** Opening DATASET RECORDS block **

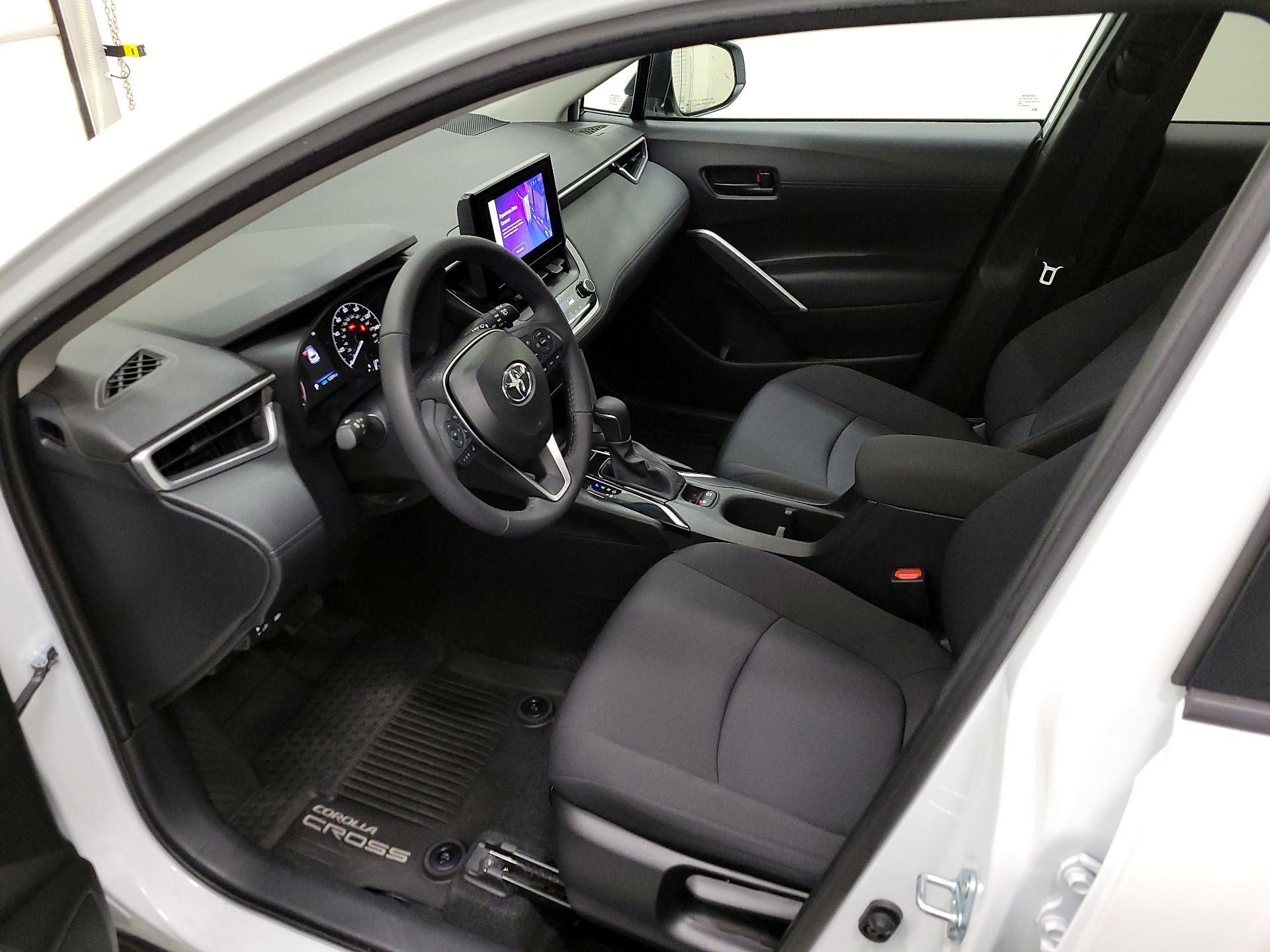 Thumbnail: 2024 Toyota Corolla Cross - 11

** Closing DATASET RECORDS block **
** Opening DATASET RECORDS block **

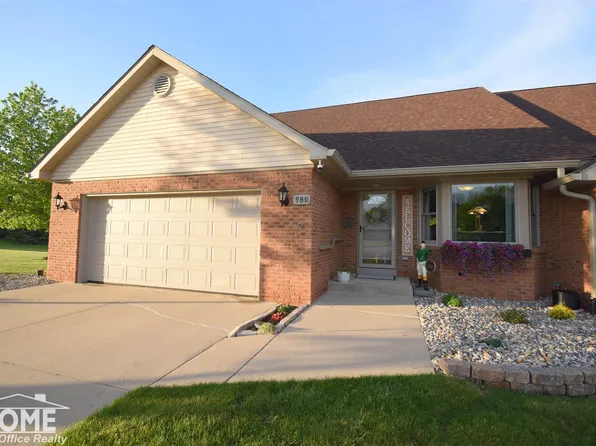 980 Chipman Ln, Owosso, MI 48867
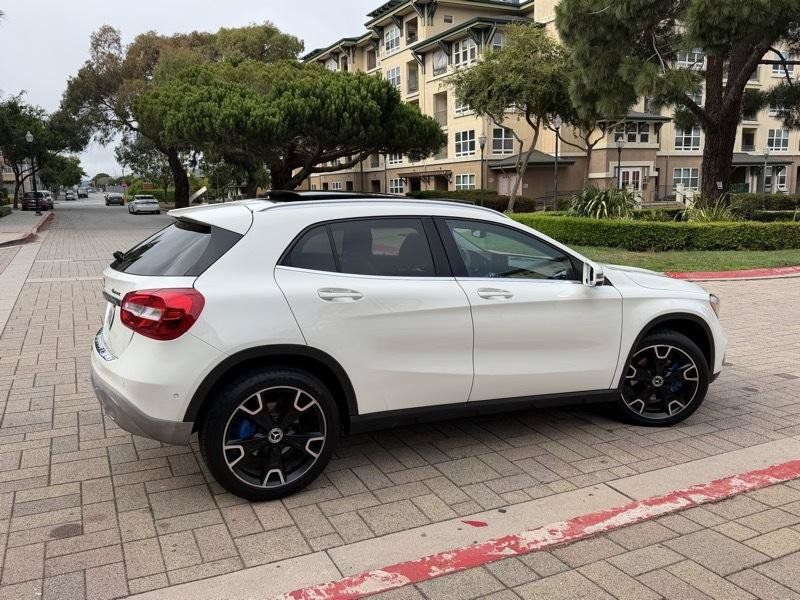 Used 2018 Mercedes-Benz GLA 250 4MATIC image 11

** Closing DATASET RECORDS block **
** Opening DATASET RECORDS block **

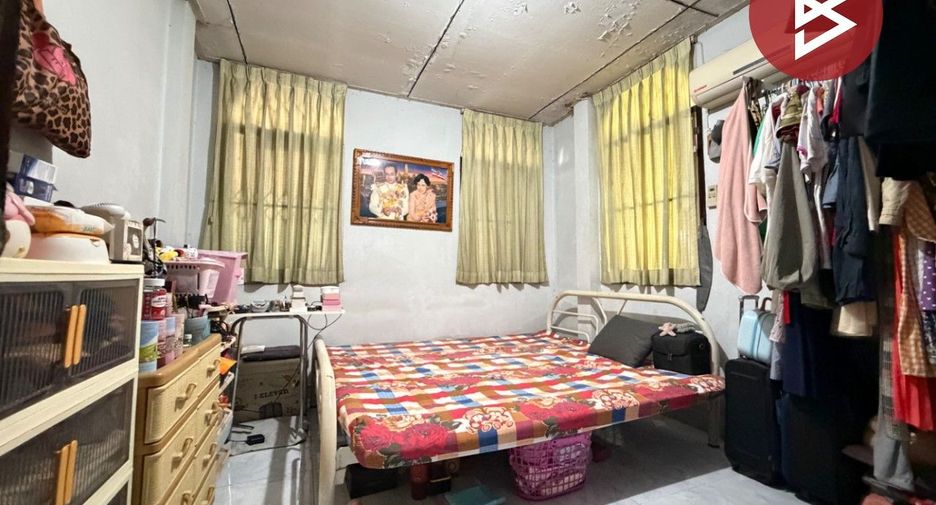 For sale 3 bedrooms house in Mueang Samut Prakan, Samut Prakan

** Closing DATASET RECORDS block **

→ TASK DESCRIPTION
Work from the entries above. Set down exactly and only the lines from the line with "980 Chipman Ln, Owosso, MI 48867" to the line with "Used 2018 Mercedes-Benz", both included, and leave the pictures out.

→ YOUR SOLUTION
 980 Chipman Ln, Owosso, MI 48867
 Used 2018 Mercedes-Benz GLA 250 4MATIC image 11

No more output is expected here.